SUPPLIED ENTRIES:
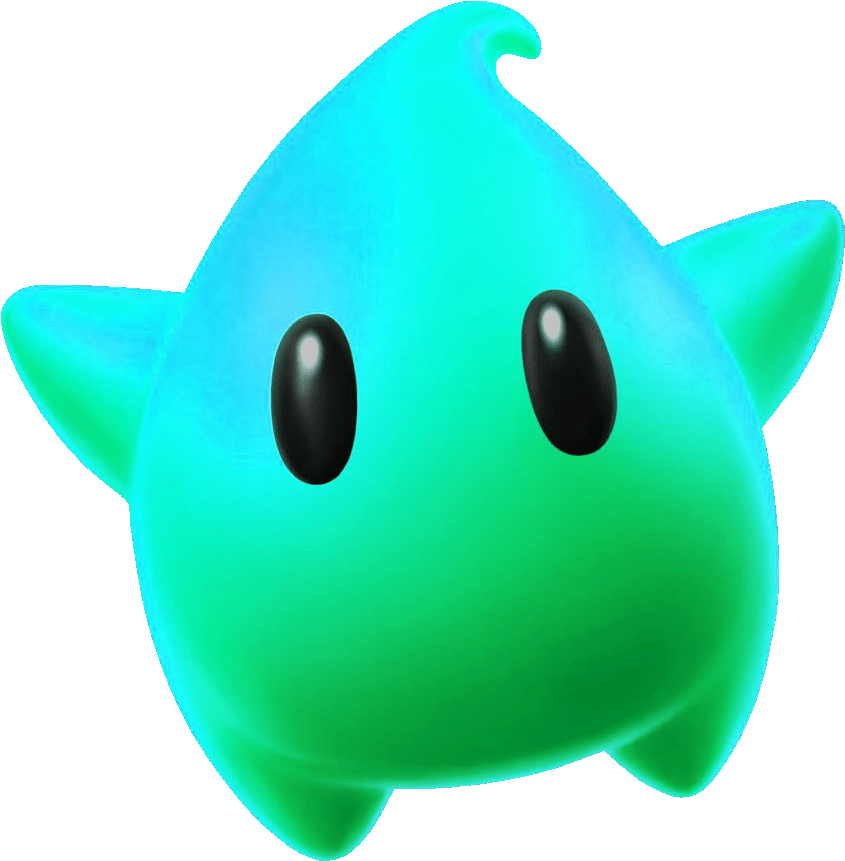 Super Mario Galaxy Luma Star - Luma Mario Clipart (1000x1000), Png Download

---

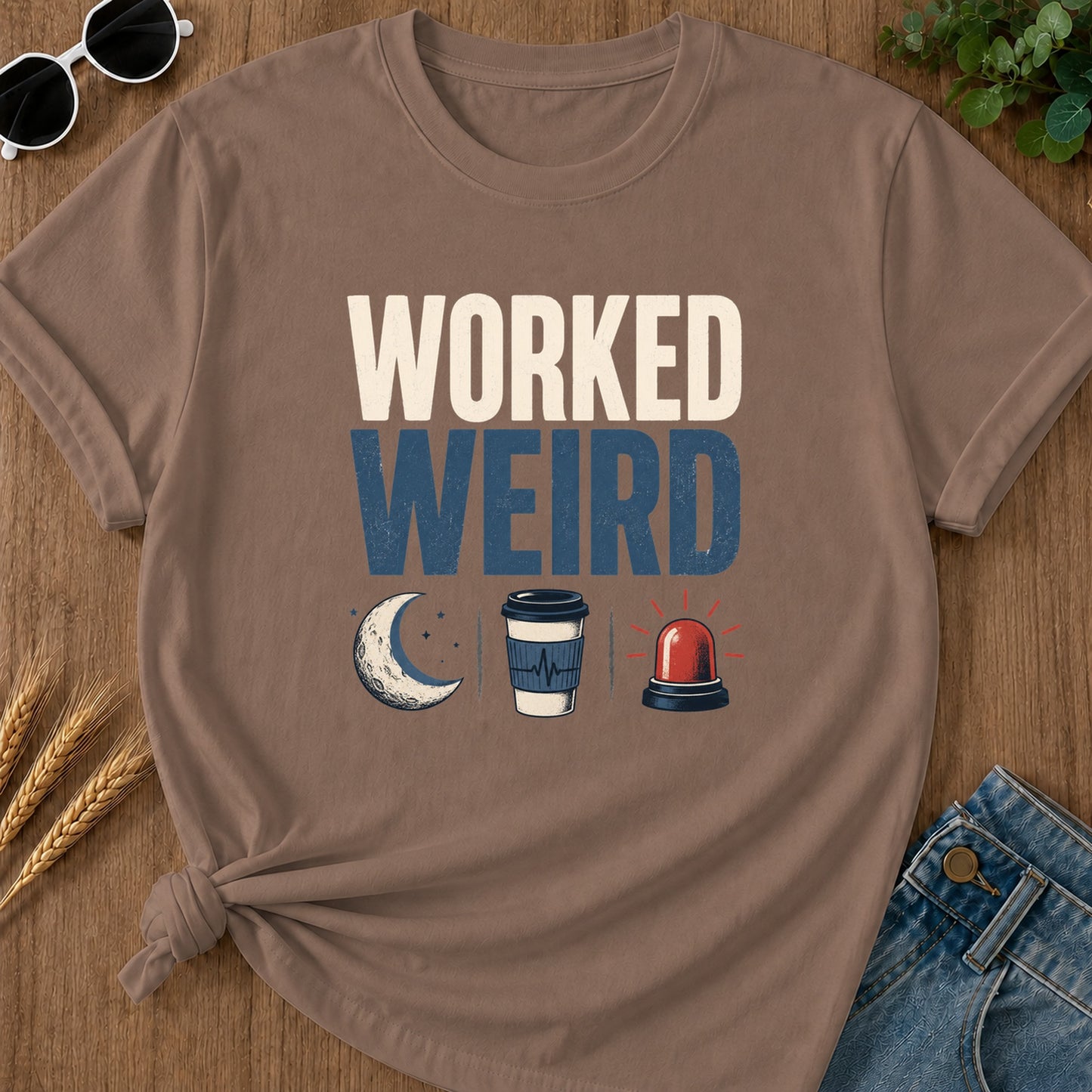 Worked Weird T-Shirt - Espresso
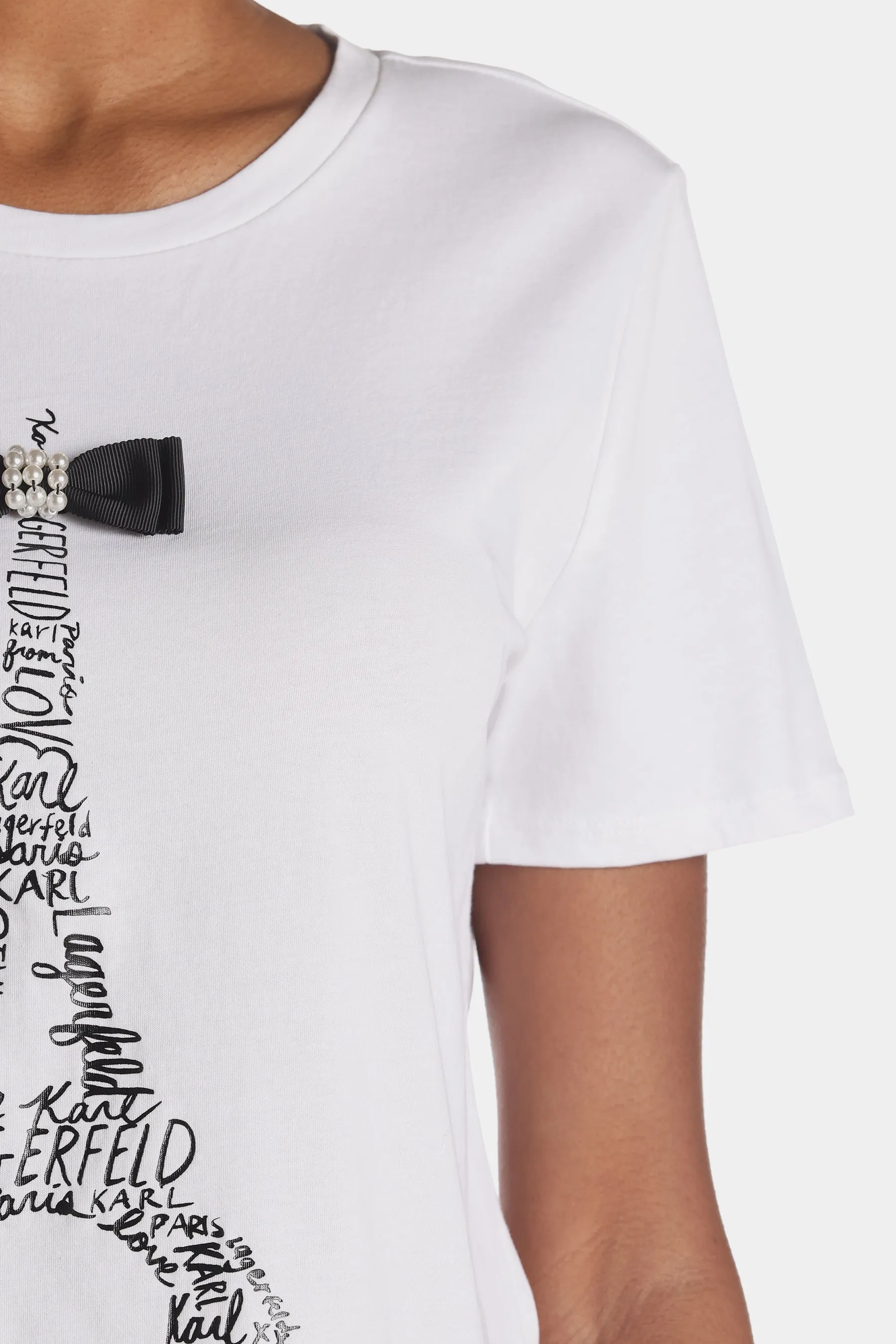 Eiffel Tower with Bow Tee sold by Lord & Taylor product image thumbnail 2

WHAT IS NEEDED: From the line with "Worked Weird T-Shirt - Espresso" up to and including the line with "Eiffel Tower with" above, retype every line exactly and nothing more; leave out the pictures.

SOLUTION FOR THIS PROBLEM:
 Worked Weird T-Shirt - Espresso
 Eiffel Tower with Bow Tee sold by Lord & Taylor product image thumbnail 2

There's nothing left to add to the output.